The other three tiers are Red (Tier 2), Orange (Tier 3), and Yellow (Tier 4). Disney officials had expected to reopen during Tier 3.
Unfortunately, that’s not the case. Only smaller parks, those under 15,000 daily visitors, may return in the Orange phase.
Disney and Universal must wait until the Yellow phase, Tier 4.
The smaller parks must limit attendance to 25 percent of maximum capacity or 500 guests, whichever is lower.
A concert hall would struggle to turn a profit with 500 paying customers, much less a theme park.
Still, some California theme parks, smaller ones in counties with low infection totals, could return as soon as early November.
For the longest time now, I’ve expected Disneyland to reopen during the fall of 2020. I was wrong.
When Will Disneyland Return?
Folks, Disney’s doubly screwed. California arbitrarily punishes Disneyland for its scale, ruling that it must wait for Tier 4.
On top of that, Tier 4 seems exceptionally implausible, bordering on impossible at the moment.
Health charts describe the Yellow tier as Minimal, and that’s not an exaggeration.
To qualify for the safest pandemic tier, positive test results must fall beneath the two percent threshold.
Even more significantly, Orange County must register less than one daily case as COVID-positive for every 100,000 (!) people.
How low is that number? If Orange County lists 32 positive cases for the day, Disneyland cannot reopen.
The county’s current positive test rate for October 20th is only 2.9 percent, which is “only” 45 percent higher than required for Tier 4.
By that metric, Orange County isn’t that far away. It’s the other metric that ruins the possibility.
Orange County could list up to 31 cases, and Disneyland could still reopen. The actual number yesterday was…302.
Your heart just fell in your chest, didn’t it? Yeah, we’re not even close on this one.
The one positive that I can offer here involves governmental behavior. Health and elected officials can change their stance at a moment’s notice.
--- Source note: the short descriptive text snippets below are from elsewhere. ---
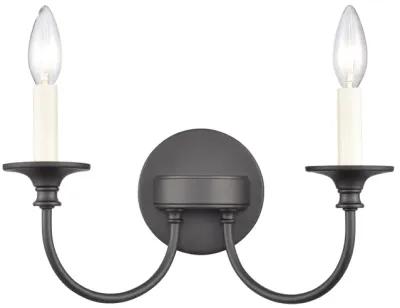 Cecil 14'' Wide 2-Light Vanity Light - Matte Black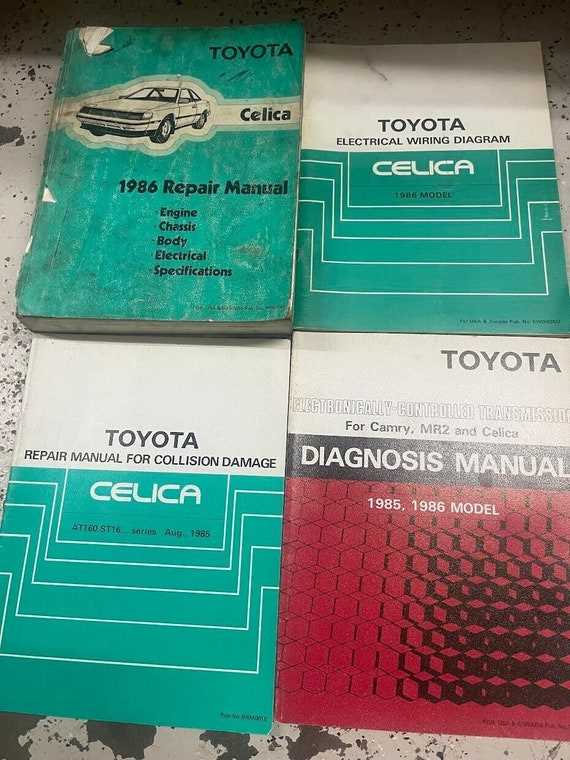 1986 toyota mr2 repair manual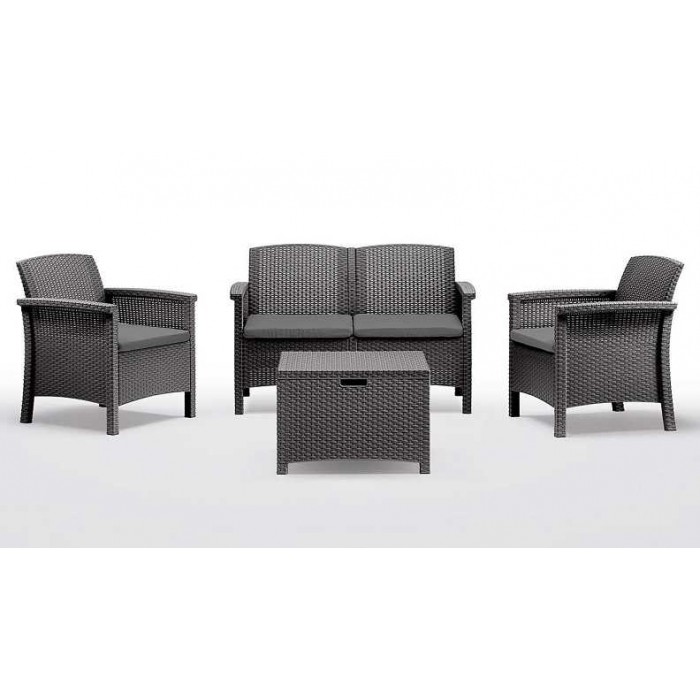 SET RATTAN VENEZIA 2 - Set 4 persone in polipropilene rattan (BICA Italy) bar ristorante pizzeria pub catering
This modification happened in Florida, although most evaluators deem the Sunshine State as the wild west in the Coronavirus battle.
I wouldn’t expect the same in California, at least not for a while. Several theme park operators reacted angrily to the announcement.
It's official. We’ll only be responding to 25% of our tweets until further notice. 💛😏
— Universal Studios Hollywood (@UniStudios) October 20, 2020
People willing to speak on the record have indicated that Disneyland may not open until next summer now.
I’m still not that pessimistic. However, I do think California just ruled that Disneyland won’t return in 2020.
— Disney Parks News (@DisneyParksNews) October 20, 2020
There’s a real chance that the Happiest Place on Earth remains closed for a calendar year.